Soren Aldaco, 21, says she was confused, autistic, depressed and anxious when doctors in Fort Worth and Austin encouraged her to become a boy, take cross-sex hormones and later have both breasts removed.
In her 29-page complaint, she says doctors acted more like ‘ideologues’, pushing her to transition, not discussing alternatives, and ‘irreversibly disfiguring and disabling’ her with a shoddy mastectomy.
That operation left her ‘nipples literally peeling off of her chest,’ and she will not be able to breastfeed and may be infertile, it is claimed. The hormone shots left her with a damaged vagina and other problems.
Soren Aldaco, 21, says her doctors pushed her into transgender medecine
She says surgeons at the Crane Clinic botched her double breast removal with a ‘risky’ version of the procedure
Aldaco filed her suit in Tarrant County, Texas, on Friday. She seeks a jury trial and more than $1million in damages.
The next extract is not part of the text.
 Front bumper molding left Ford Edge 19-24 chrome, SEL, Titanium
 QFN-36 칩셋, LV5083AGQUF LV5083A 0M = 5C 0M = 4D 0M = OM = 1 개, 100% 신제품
‘This lawsuit details a chronology of wrongful acts committed by a collective of medical providers who… administered a series of ruinous procedures and treatments,’ the papers say.
Aldaco was a ‘vulnerable teenager struggling with a slew of mental health issues’ while also ‘grappling with the universal challenges of adolescence and body image,’ the papers say.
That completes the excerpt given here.